The world is flying past me outside the windows: the barren and uninhabited wilderness, the rose-colored charred earth, occasionally a kangaroo or two hopping past. It is said that on this vast land lurk elusive, highly poisonous snakes.

Not long before this, I was still enjoying an exquisite lunch inside the posh dining car while having a light moment chatting with the Italian chief rail technician Joe. He told me this legendary 2,979-kilometer railway that spans the entire width of Australia from north to south, was completed in 1929, and the train that we are now taking is made up of 31 rail cars and is almost a kilometer long. It carries 158 passengers and 40 crew members, and boasts a total of six dining cars, steadily making its way at a speed of 85 kph towards the depth of history and wilderness.

Wow! I never knew this rail line has had such a long history of 96 years, and this train has a glittering name: The GHAN!

Powered by an electro-diesel hybrid system, train services are suspended every year from November through January the following year owing to monsoonal floods.

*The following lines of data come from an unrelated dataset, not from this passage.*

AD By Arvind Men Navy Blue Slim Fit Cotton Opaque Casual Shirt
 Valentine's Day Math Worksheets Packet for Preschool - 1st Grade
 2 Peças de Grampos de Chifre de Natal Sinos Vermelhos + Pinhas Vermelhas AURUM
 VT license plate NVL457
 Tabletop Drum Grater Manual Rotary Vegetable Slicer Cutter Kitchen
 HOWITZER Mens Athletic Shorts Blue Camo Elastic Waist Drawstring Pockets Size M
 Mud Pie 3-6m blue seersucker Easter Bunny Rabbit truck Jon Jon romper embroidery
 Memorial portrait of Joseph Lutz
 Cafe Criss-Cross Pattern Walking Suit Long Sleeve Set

Joe told me proudly the name “The Ghan” was a tribute to the courageous Afghan camel riders traversing the Australian interiors in late 19th century. With their camels, these people helped pioneer the vast unknown terrain and transport necessities, and played a pivotal role in establishing transportation routes during the early years. This part of history has been immortalized with the naming of this rail route, making “The Ghan” a household name across Australia.

Tickets are hard to come by especially during May-July peak winter season, and have to be booked nine months in advance!

The 12 travel buddies and I have been excessively lucky this time to be able to board this legendary train in Australia’s late summer, from Darwin all the way to Adelaide, as the mercury falls from a scorching 30 degrees to a chilly 8 degrees over the 4D3N journey.

Nine meals have been arranged throughout the train ride, three of which special cuisines outside the train, including an unforgettable alfresco dinner under the starry sky next to the old telegraph station.

To be honest, the most charming part of the journey is not only the in-car dinner served on white tablecloth, nor the melodious songs by the aborigines reverberating in the canyon, or the candlelight dinner under the starry night sky, or the strolls from the four train stations along the way—but the sudden realization as the train chugs along at the speed of 85 kph, that this train ride is not just another travel itinerary, but a cross-section of the soul: not just to “see Australia,” but to “let Australia see its true self.”

Staring into the constantly changing landscapes outside the train windows is as if to witness a dynamic world impacting the static self in me: The world keeps revolving around me, but am I quietly accepting the changes taking place within me?

The impact is not about the speed of the moving vehicle, but the jet lag inside my heart!

The biggest difference between a train ride and a cruise voyage lies not with the degree of luxury, but the stories that flip past beyond the windows.

Australia is an enormous and mysterious land mass, whose soul does not dwell in the glass towers of its coastal cities, but rather the boundless red earth that keeps moving out of focus deep into the interiors, where it is so quiet you can almost hear the wind breathing. No wonder every Australian must make an effort to take “The Ghan” at least once before they die. They say this is the train that penetrates the deepest part of soul!

Joe continued: On August 4, 1929, the Adelaide train station was packed with well-wishers, as they enthusiastically witnessed the inaugural service of “The Ghan.” That was the first time a train traversed the entire length of the almost 3,000 km north-south railway, and arrived safely in Darwin in the far north two days later.

Ninety years later in 2019, “Arabana and the Ghan” was officially compiled and published, narrating the epical stories of this rail line—stories about the camel travelers, the courageous pioneers, and the big dreamers.

“The Ghan” is not just another journey; it is like a training for a person’s temperament, as he is transported from the fringes of bustling metropolis to the earth’s center of nothingness, the deepest red earth, the unpeopled core!

You can almost say that this is a journey where “adventure” dances with “opulence”—In the infinite expanse of barren wilderness, have a dream exclusive to Australia while sipping the sparkling champagne!

Slow, but deeply etched in the mind!